One of the perks of being a teacher is summer vacation.  I had a killer year, with a new full-time teaching job at a new school, five graduate classes, and single parenthood with teenage kids. Those people close to me know that I was pretty strung out by the time school got out.  Hence, I had two official goals for the summer: learn to relax and to read for pleasure again.

In order to learn to relax, I intended to get back to my yoga and practice meditation. I’ve tried meditating before and, frankly, I suck at it.  I have a brain that never stops jabbering to me. I twitch, I itch and before I even know it, I am composing my “To Do” list in my head.
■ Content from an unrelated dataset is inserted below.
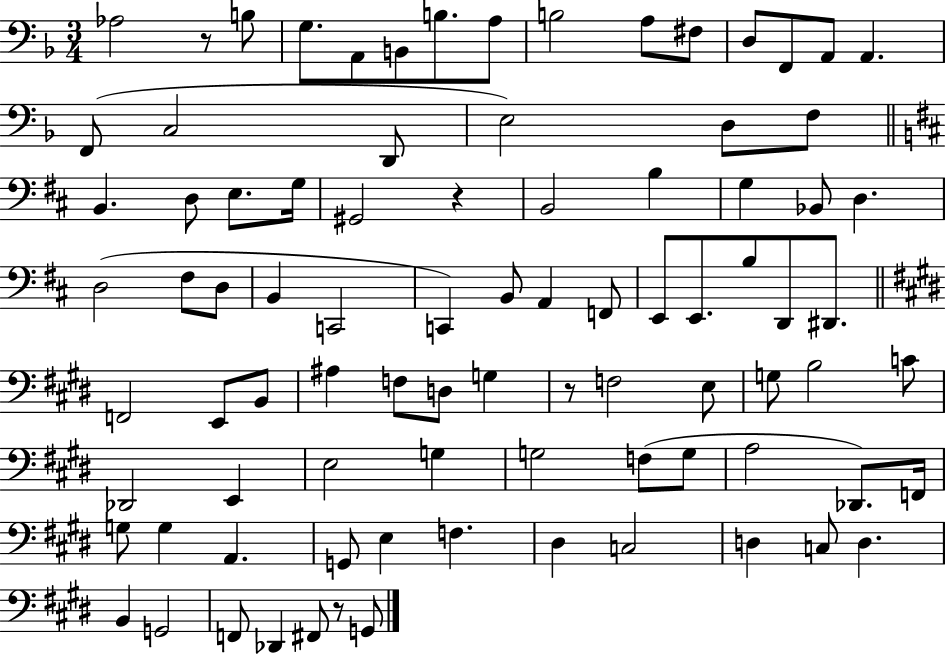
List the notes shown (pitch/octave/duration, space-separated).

Ab3/h R/e B3/e G3/e. A2/e B2/e B3/e. A3/e B3/h A3/e F#3/e D3/e F2/e A2/e A2/q. F2/e C3/h D2/e E3/h D3/e F3/e B2/q. D3/e E3/e. G3/s G#2/h R/q B2/h B3/q G3/q Bb2/e D3/q. D3/h F#3/e D3/e B2/q C2/h C2/q B2/e A2/q F2/e E2/e E2/e. B3/e D2/e D#2/e. F2/h E2/e B2/e A#3/q F3/e D3/e G3/q R/e F3/h E3/e G3/e B3/h C4/e Db2/h E2/q E3/h G3/q G3/h F3/e G3/e A3/h Db2/e. F2/s G3/e G3/q A2/q. G2/e E3/q F3/q. D#3/q C3/h D3/q C3/e D3/q. B2/q G2/h F2/e Db2/q F#2/e R/e G2/e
With practice, I’ve gotten better, but it still is a lot of work and doesn’t really feel like it’s helping me relax.  The yoga has been more successful than the meditation, but still, I get sore muscles, I get shaky, and my breathing is ragged. I am not giving up on the idea of yoga and meditation—I still hope to someday become a competent mediator—but by far the most successful of my goals has been the reading one.

Imagine my amusement when I ran onto this article: a few weeks ago.  Yeah, it is one of those “well, duh.” moments, but apparently, reading is a very good method of relaxing.  In a study commissioned by a chocolate company for an advertising campaign, just six minutes of reading lowered heart rate and muscle tension to levels lower than before the study began. Reading was more successful at helping subjects relax than listening to music, going for a walk or having a cup of tea. According to Dr. David Lewis, who conducted the study cited in the article:

“It really doesn’t matter what book you read, by losing yourself in a thoroughly engrossing book you can escape from the worries and stresses of the everyday world and spend a while exploring the domain of the author’s imagination. This is more than merely a distraction but an active engaging of the imagination as the words on the printed page stimulate your creativity and cause you to enter what is essentially an altered state of consciousness.”
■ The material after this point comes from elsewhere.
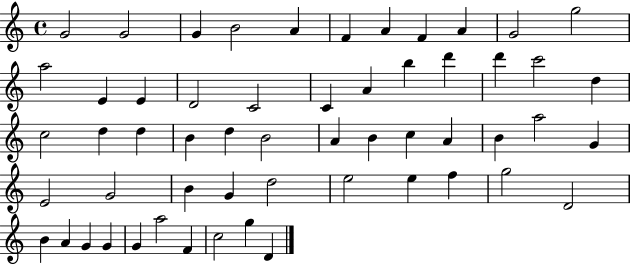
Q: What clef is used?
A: treble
Even without all the other benefits of reading, this makes reading a valuable activity for adults and for kids. Stress and anxiety disorders are a big problem for kids with disabilities and for some of them, slowing down is nearly impossible. Reading something interesting gives just enough mental stimulation to help those of us with active minds slow down and relax.

So there you have it, I killed two birds with one (unintentional) stone. Now pass the chocolate.


The Power of Books

24 Jul

I love books. I like seeing them lined up on my shelves. I like piles of them by my bedside, kitchen table, and toilet tank. I like the way they feel in my hands. I even like how they smell. I love the worlds they allow me to travel to and I love curling up with a good book and getting lost in it. I own a lot of books.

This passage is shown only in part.